13.Juli: Transpi-Aktion der Apoistischen Jugend


Êdi bese – Es reicht – Gerechter Frieden in Kurdistan oder revolutionärer Volkskrieg

Am 13.07.11 hat die „Apoistische Jugend Berlin“ mehrere Transparente und eine Fahne der KCK vom Dach der technischen Universität ausgerollt. Auf den Transparenten wurde mit Parolen wie „Gerechter Friede oder revolutionärer Volkskrieg“, „Freiheit für die VertreterInnen des kurdischen Volkes“ Bezug auf die aktuelle Lage in Kurdistan/Türkei genommen. Weiterhin warfen Sie Flugblätter mit einer Erklärung vom Dach, in der stand: „Wir protestieren aufs schärfste gegen diese Politik Deutschlands und der EU. Denn sie trägt mit ihrer bedingungslosen Unterstützung des türkischen Staatsterrorismus direkte Verantwortung für das Fortdauern und sich vertiefen des Konfliktes.
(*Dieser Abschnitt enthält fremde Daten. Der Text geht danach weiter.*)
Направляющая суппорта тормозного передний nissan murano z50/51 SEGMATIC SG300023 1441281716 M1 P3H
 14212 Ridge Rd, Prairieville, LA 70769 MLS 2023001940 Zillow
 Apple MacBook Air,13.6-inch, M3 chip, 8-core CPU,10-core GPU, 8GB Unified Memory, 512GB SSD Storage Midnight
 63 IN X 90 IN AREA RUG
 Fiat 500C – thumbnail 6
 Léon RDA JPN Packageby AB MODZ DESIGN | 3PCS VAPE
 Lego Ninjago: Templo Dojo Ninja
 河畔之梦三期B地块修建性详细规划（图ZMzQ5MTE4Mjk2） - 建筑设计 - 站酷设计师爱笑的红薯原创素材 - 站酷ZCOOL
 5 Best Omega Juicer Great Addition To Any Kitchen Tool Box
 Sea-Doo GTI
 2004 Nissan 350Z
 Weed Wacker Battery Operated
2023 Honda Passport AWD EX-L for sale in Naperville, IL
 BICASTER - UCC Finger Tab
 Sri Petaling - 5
Aus Angst vor einer linken Alternative in der Nähe der EU, die sich nicht vom Westen instrumentalisieren lässt und um die eigenen Profite an Waffenexporten und von billigen Ressourcen aus der NATO abhängigen Türkei zu steigern – nimmt sie eben diese Kriegsverbrechen, Verbrechen gegen die Menschlichkeit und den Staatsterrorismus, der bisher mindestens 17.000 Menschen das Leben kostete und über 4000 kurdische Dörfer zerstörte billigend in Kauf.
Wir werden dies nicht hinnehmen, als apoistische, revolutionäre Jugend, ist es unsere Aufgabe dies hier, heute und immer wieder durch Aktionen deutlich zu machen. Wir sehen uns aber nicht nur als Teil der kurdischen Bewegung, wir wollen mit allen Menschen für Freiheit und Emanzipation kämpfen! Weg mit dem Verbot der PKK – Freiheit für Abdullah Öcalan und alle politischen Gefangen – BRD/EU – Hände weg von Kurdistan – Hoch die internationale Solidarität – Es lebe der kurdische Befreiungskampf und die demokratische Autonomie!“

Apoistische Jugend Berlin, 13.07.11 (mehr…)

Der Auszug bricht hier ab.